In a proof of “If $\det(A)\ne 0$, then an inverse of $A$ exists” in my textbook for a Linear Algebra course, there is a step that is unclear to me:
It states following known equivalence:
$A^{-1} = \frac{1}{\det(A)} \operatorname{adj}(A) \DeclareMathOperator{\cof}{Cof}$
And then the following equivalence is obtained from this fact:
$$ \begin{pmatrix} a & b & c \\ d & e & f \\ g & h & i \end{pmatrix} \begin{pmatrix} \cof(a) & \cof(d) & \cof(g) \\ \cof(b) & \cof(e) & \cof(h) \\ \cof(c) & \cof(f) & \cof(i) \end{pmatrix} = det(A)*I_3 $$
So the second factor in this last equation is $\operatorname{adj}(A)$, but I'm wondering how the matrix $A$ is equal to $\frac{1}{\det(A)}$
I don't know how the text you mention is written, but it looks like you are not following the flow of the argument.

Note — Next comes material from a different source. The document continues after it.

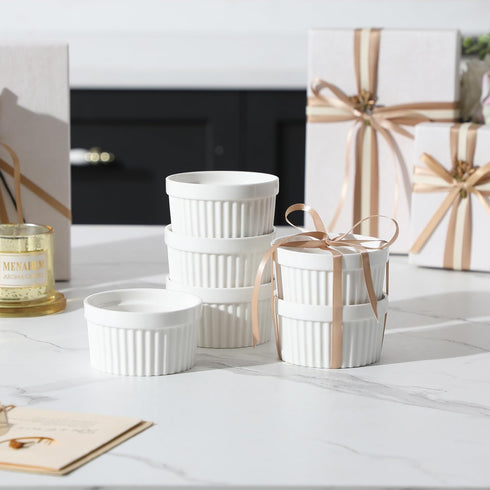 MALACASA Ramekins, 4 oz Oven Safe Porcelain Creme Brulee Cups, Set of 6 White Baking Bowls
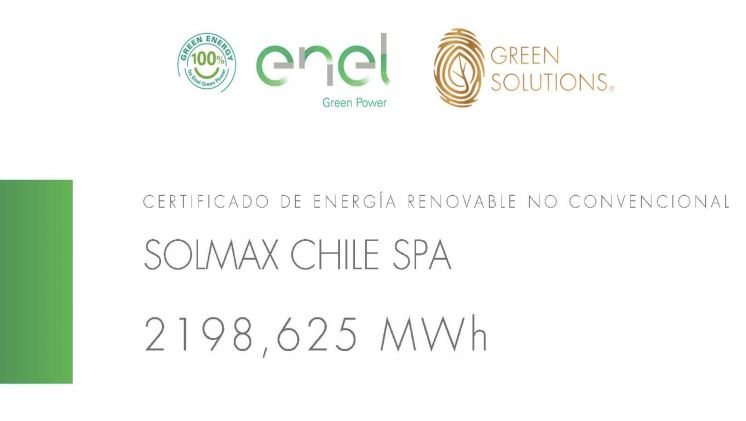 #SolmaxChile obtiene su certificado de energía renovable no convencional.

The point is that the equality $$A\ \text {adj}(A)=\det (A)\,I_n $$ holds for any $n\times n $ matrix $A $. So if $\det (A)\neq0$ you can divide both sides of the equality by it, to get $$A\ \frac1 {\det (A)}\text {adj}(A)=I_n.$$ So now you have that the matrix $B=\frac1 {\det (A)}\text {adj}(A)$ has the property that $AB=I $, so it is an inverse for $A $ (you also need $BA=I$; this follows automatically from $AB=I $, but requires a short proof).
The equality you wrote is the case $n=3$, but it's not really different for other $n $.